Pollinators are vital to preserving ecosystem function for global food production. However, insecticide exposure is one of the key global drivers of declines in pollinators. Organophosphates are a widely used group of pesticides and exhibit high toxicity towards honey bees and bumblebees. Previous research has suggested that phosphotriesterase (OPT), a type of enzyme, could be a potential treatment for exposure to organophosphate insecticides. However, current methods for the use of OPT for bees have low efficacy.

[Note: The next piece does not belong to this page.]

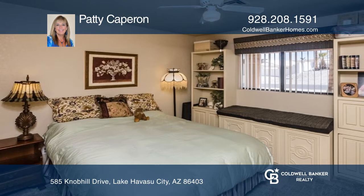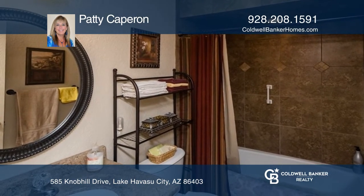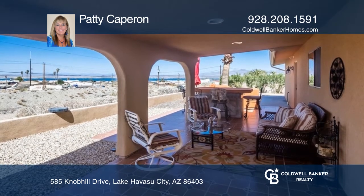Super cute and clean split bedroom design furnished with a gas stove. Primary bedroom with a built-in makeup counter and walk-in closet. Great mountain views and what a lake view.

Minglin Ma and colleagues developed uniform and consumable pollen-inspired, calcium carbonate-based microparticles that encapsulate OPT and protect it from degradation during digestion. The authors administered pollen patties contaminated with malathion (a type of organophosphate insecticide) to microcolonies of bumblebees. When the bees were fed OPT encapsulated pollen-inspired microparticles there was a 100% survival rate following exposure to malathion for the duration of observation (ten days). However, there was 0% survival in bees that consumed OPT alone or plain sucrose five and four days after malathion exposure, respectively.
This low-cost, scalable biomaterial approach still needs colony-scale testing, but may act as a precautionary or remedial measure for managed pollinators in areas of organophosphate application, the authors suggest.